[Crawled caption data]
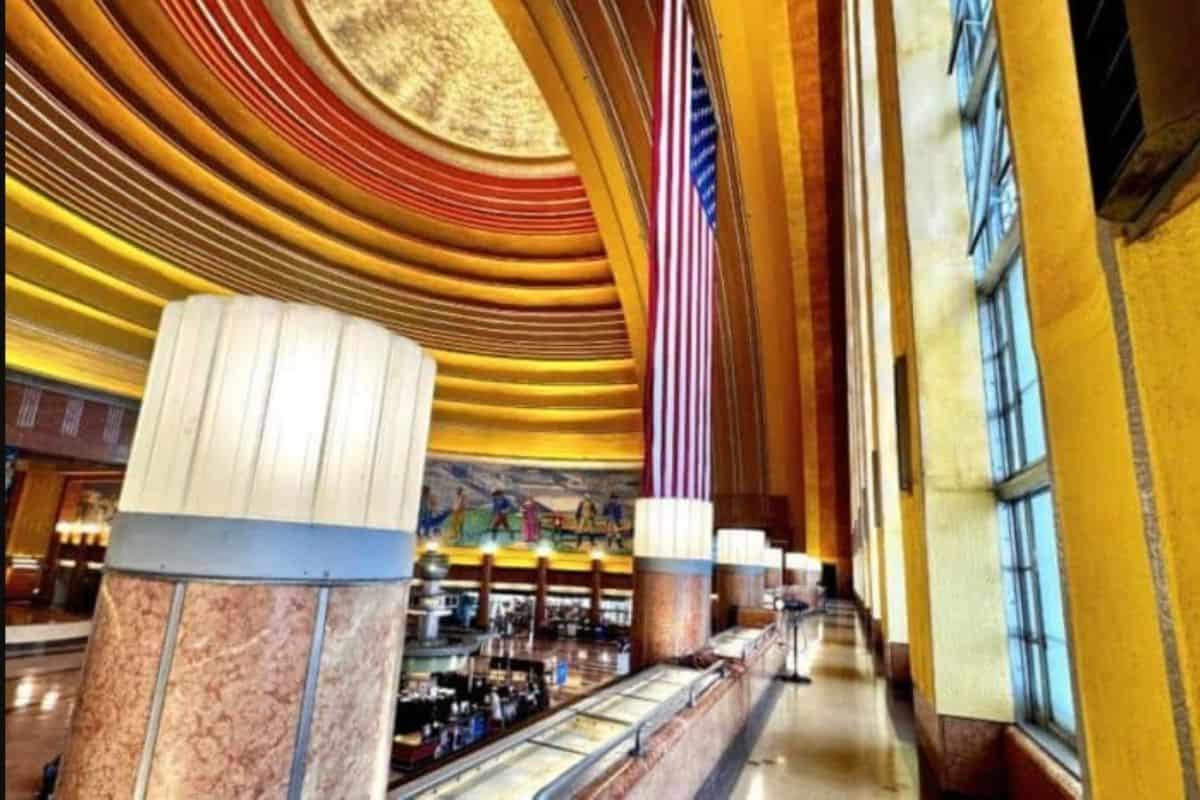Staycation: Enjoying Cincinnati on a Budget rotunda at Cincinnati Museum Center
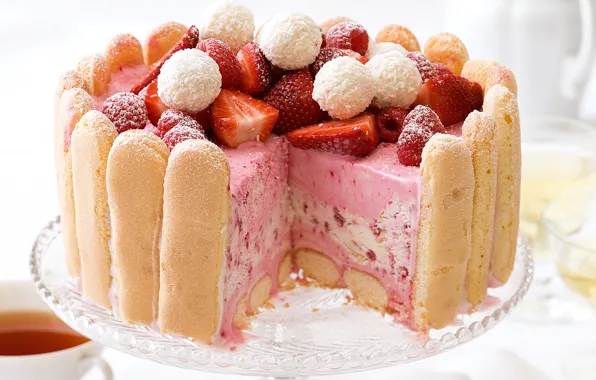 Berries, food, strawberry, cake, cake, dessert, sweet, sweet
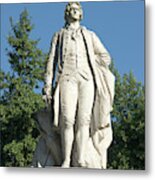 Monument To Goethe In Villa Borghese, Rome Metal Print
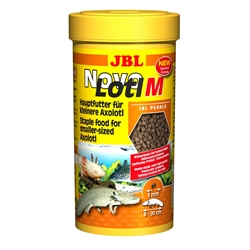 JBL NovoLotl M - Основной корм для небольших аксолотлей, гранулы, 250 мл (150 г) - фото 28015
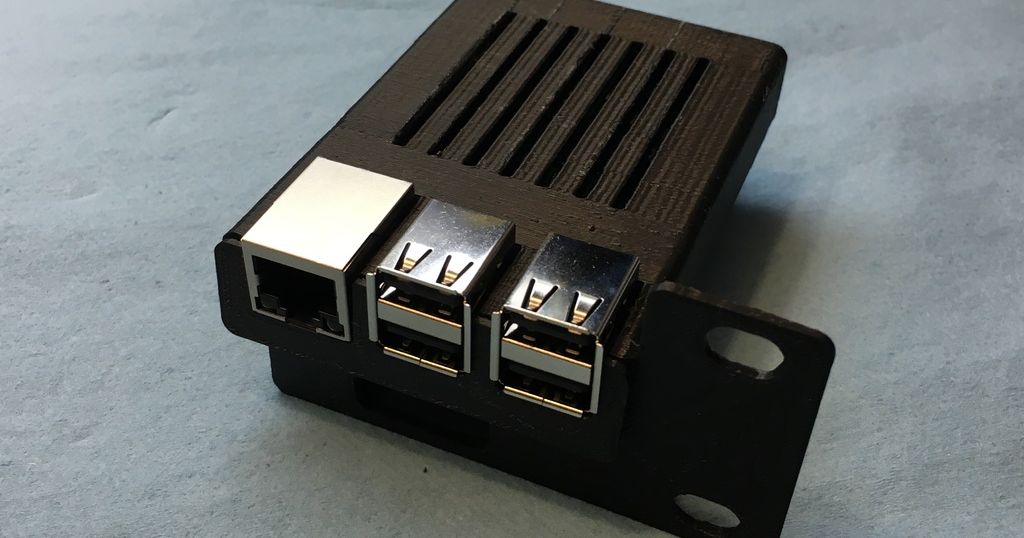 Rack mount raspberry pi case remix by patpend download free stl model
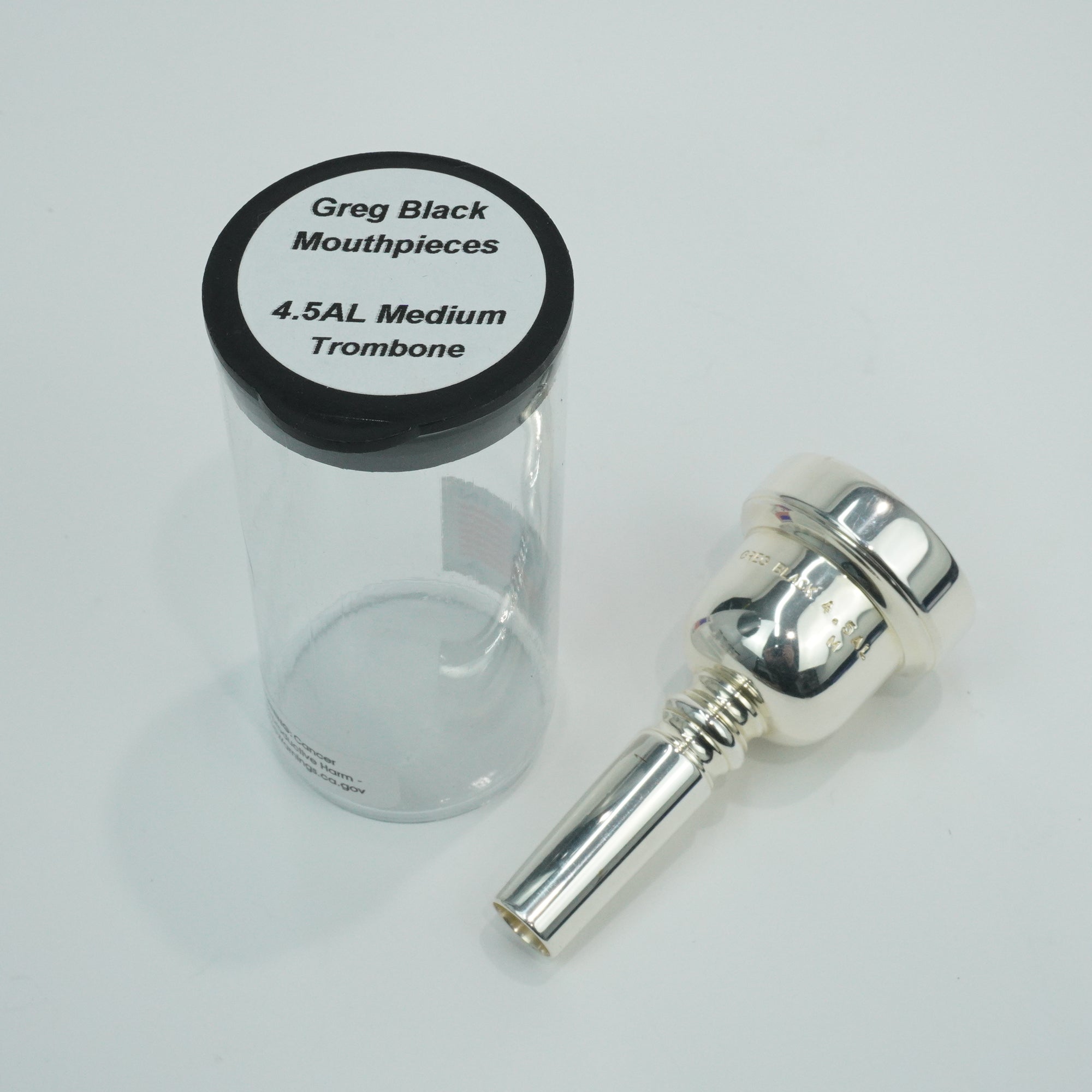 【GREG BLACK / 4D】トロンボーン マウスピース（太管） Greg Black 4.5AL Medium SP テナートロンボーンマウスピース（太管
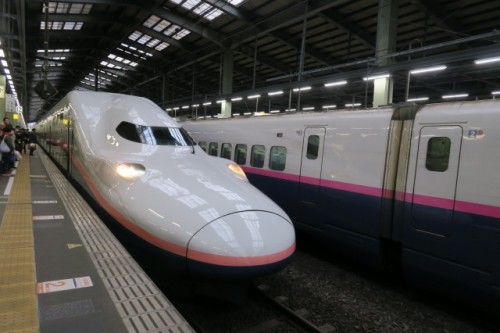 Shinkansen ( the bullet train ) will take you to Niigata quickly!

EXERCISE AIM:
The entries are to be transcribed in full. Their pictures are not.

RESPONSE TO THE EXERCISE:
Staycation: Enjoying Cincinnati on a Budget rotunda at Cincinnati Museum Center
 Berries, food, strawberry, cake, cake, dessert, sweet, sweet
 Monument To Goethe In Villa Borghese, Rome Metal Print
 JBL NovoLotl M - Основной корм для небольших аксолотлей, гранулы, 250 мл (150 г) - фото 28015
 Rack mount raspberry pi case remix by patpend download free stl model
 【GREG BLACK / 4D】トロンボーン マウスピース（太管） Greg Black 4.5AL Medium SP テナートロンボーンマウスピース（太管
 Shinkansen ( the bullet train ) will take you to Niigata quickly!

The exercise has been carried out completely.